Stargazers gather for Venus transit

Stargazers gather for Venus transit

Stargazers in Sydney and around the world gathered at observatories and huddled by telescopes Tuesday to watch a small dark disc creep across the face of the sun in one of the rarest of celestial spectacles - a transit of Venus.

The sight had special significance for Australians - this country's east coast was "discovered" by British explorer James Cook on his way home from viewing the 1769 transit in Tahiti.

Planetariums the world over - from India's eastern city of Bhubaneswar to New York City - set up telescopes with the solar filters needed to watch the event, while two observatories in Spain's Canary Islands planned to use the transit to recalculate the distance between the earth and sun.

A blue sky over Sydney gave about 40 people looking through telescopes at the city's observatory a clear view of the transit as it began mid-afternoon. Telescopes were set up on lawns and inside, while an image of the transit was projected onto a white screen for safe viewing.

"Venus is just marching into the sun," said Andrew Constantine, an education officer at the observatory. "It's very exciting."

But in many places clouds obscured the show, with observatories in Japan reporting rain and the transit coinciding with the cloudy monsoon season in Thailand.

It also was cloudy in Hong Kong, but that didn't stop more than 100 people, including students, senior citizens and children, queuing up at the Hong Kong Space Museum, where several telescopes were waiting.

Keith London, an amateur astronomer who lives at the foot of the Mt. Lofty Ranges in southern Australia, hosted a transit party and invited his neighbours to watch the show through his telescope thanks to a filter he had shipped from the United States specially for the event.

"We are going to have a transit party and everyone who isn't working is coming over," he said, adding he would hold off on sipping too much wine until the sun had set.

"You must never drive a telescope under the influence," he cautioned before the event started.

In Thailand, hundreds of people flocked to observatories across the country.

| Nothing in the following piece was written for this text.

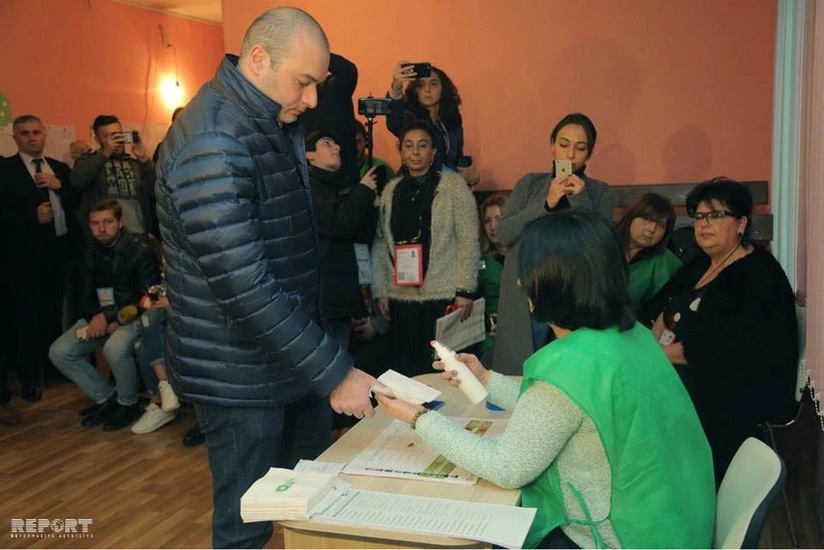 Gürcüstanın baş naziri prezident seçkilərində səs verib - FOTO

But an overcast sky disappointed many.

Many people in predominantly Buddhist Thailand believe in astrological implications of planetary movements, especially rare ones.

"The Venus eclipsing the sun means that Venus will gain huge power, but the power will have a negative affect on finance and love," Phingyo Phongchareon, a well known astrologer, was quoted as saying in an interview with the Matichon newspaper.

In Beijing, the Ancient Observatory on the Chinese capital's east side set up a slide show to explain the phenomenon to visitors and had telescopes to watch the transit.

Transits of Venus occur twice - eight years apart - about every century, when the sun, Venus and Earth precisely line up. Past transits - the last pair were in 1874 and 1882 - helped astronomers calculate Earth's distance from the sun. This time, Tuesday's transit and one in 2012 carry little scientific significance, but they've still stirred up plenty of interest.